I teased this story in today’s first post, but it’s worth a closer look: a Magellan Strategies automated poll released today shows Newt Gingrich in a statistical dead heat with Mitt Romney in New Hampshire. Romney garnered 29% in the poll, Gingrich 27%, followed by Paul at 16% and Cain at 10%. (The interviews were conducted November15-16, and the poll has a 3.6% margin of error). A month ago Magellan had Romney polling at 41% while Gingrich was mired in single digits.
It’s hard to overstate the significance if this poll holds up. Romney has counted on New Hampshire as his firewall against whoever came out of Iowa’s January 3 caucus with the media momentum, much as Clinton used New Hampshire in 2008 to blunt Obama’s rise. Should Gingrich win both Iowa and New Hampshire, however, that would essentially force Romney to do well in the southern states where Gingrich would be expected to run strong.
What’s fascinating about this poll is that the respondents included 40% independents. Remember, New Hampshire’s first in the nation primary is open to independents, and with no real Democratic race, they are likely to vote in big numbers in the Republican primary. Although Romney’s strength is supposed to be his appeal to independents, Gingrich attracted enough polling support to essentially pull into a tie in Romney’s vacation homeland. (Note: since I could only view topline results, and not the crosstabs, I don’t know how much of Newt’s support came from independents and how much from conservatives). This can’t be good news for Romney who, despite the efforts of the party establishment to declare him the front runner, simply cannot close the deal with conservatives.

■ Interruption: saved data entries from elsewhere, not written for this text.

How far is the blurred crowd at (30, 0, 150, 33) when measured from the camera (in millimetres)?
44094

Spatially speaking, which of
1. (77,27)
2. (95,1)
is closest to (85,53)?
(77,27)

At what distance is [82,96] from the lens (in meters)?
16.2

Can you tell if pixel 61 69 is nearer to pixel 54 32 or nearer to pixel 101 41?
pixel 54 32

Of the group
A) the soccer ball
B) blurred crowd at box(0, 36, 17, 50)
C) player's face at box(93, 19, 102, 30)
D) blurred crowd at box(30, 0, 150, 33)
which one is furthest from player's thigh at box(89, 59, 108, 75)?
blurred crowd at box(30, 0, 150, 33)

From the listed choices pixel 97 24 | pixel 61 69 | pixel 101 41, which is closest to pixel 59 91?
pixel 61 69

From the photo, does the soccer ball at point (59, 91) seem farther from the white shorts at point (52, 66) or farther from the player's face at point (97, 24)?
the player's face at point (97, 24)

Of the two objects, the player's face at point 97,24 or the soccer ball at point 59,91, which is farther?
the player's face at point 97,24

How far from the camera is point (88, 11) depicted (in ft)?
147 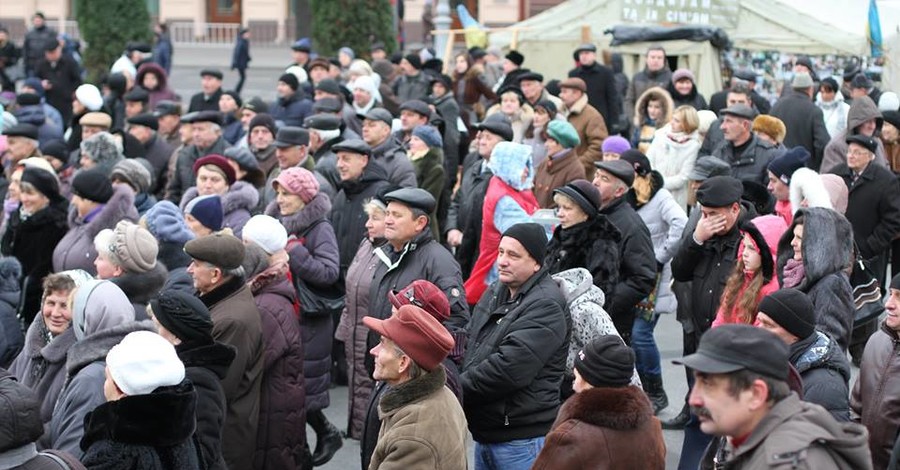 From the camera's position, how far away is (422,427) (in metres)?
4.59

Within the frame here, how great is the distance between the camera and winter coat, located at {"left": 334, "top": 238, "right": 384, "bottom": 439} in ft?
22.3

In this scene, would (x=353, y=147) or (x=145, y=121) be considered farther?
(x=145, y=121)

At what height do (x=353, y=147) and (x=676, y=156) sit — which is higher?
(x=353, y=147)

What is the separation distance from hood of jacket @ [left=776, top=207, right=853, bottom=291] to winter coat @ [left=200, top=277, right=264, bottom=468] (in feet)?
8.67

Perhaps the most shocking part of the New Hampshire poll is that Newt’s favorable/unfavorable ratings have climbed to 59%/31% – almost identical to Mitt’s! Except for Ron Paul (at 49/32% with 19% undecided) all the other Republican candidates have higher unfavorable than favorable ratings. So much for Newt as polarizing figure, at least among likely Republican voters.
When asked why Newt was rising in the polls, 44% cited his depth and knowledge of the issues, with another 10% mentioning his former role as Speaker and 10% referencing his debate performance.
Now for the obligatory caveats. One poll does not an election make, and as I’ve noted in previous posts, Newt has to show he can transfer polling support into votes – something that is hard to do if you don’t even have staff in the state. In short, this New Hampshire race, as is the nomination, is still wide open. Nonetheless, the Magellan poll is just one more bit of evidence that Newt is on a very big roll, and it makes next Tuesday’s debate suddenly vastly more interesting for all parties. A week ago, there wasn’t even a race in New Hampshire. Now, we can’t take Mitt winning for Granite.